I struggle to infer relationships in a dataset of 20K exomes from tens of kits.
At first I found a well-covered union of regions – check.
Second, I performed everything to merge 20K VCFs into one. Removed indels and multi-allelic variants. Check.
Still, when I run KING with “kinship” option, it finds a lot of relatives. But I need KING with –related option. With IBD2 and IBD1. And here I get 0 first degree and 0 second degree relatives (still some MZ pairs).
Which basically says that I can’t infer IBD-segments and it is (I think) due to QC failed samples.
Is there a procedure for an automated QC here? Or I need to make a PCA and do “remove outliers – build PCA again – remove outliers – iterate until no outliers” procedure? Is there any other reason why KING may behave so nasty with me?

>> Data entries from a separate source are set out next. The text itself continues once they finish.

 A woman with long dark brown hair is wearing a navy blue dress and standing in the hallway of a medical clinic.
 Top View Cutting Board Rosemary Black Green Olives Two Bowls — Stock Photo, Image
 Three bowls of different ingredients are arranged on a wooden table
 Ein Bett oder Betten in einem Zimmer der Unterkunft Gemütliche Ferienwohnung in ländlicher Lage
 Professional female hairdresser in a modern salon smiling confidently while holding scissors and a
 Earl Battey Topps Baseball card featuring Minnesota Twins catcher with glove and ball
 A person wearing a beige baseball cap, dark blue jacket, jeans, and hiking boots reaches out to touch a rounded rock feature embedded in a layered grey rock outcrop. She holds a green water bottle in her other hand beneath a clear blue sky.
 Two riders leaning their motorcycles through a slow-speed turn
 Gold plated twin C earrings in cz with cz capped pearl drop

Some data to give an idea (toy dataset of 3K exomes):
King with –related:
Source MZ PO FS 2nd 3rd OTHER
===========================================================
Pedigree 0 0 0 0 0 5512860
Inference 30 0 0 3 8 5512819
King with –kinship:
Source MZ PO FS 2nd 3rd OTHER
===========================================================
Pedigree 0 0 0 0 0 5512860
Inference 30 58 463 19 895 5511395
I was able to perform relatedness inference with 10K dataset (subset of this one) 1 year ago. I have no idea what is different now (except now no one filtered QC failed samples) – I simply execute the same makefile.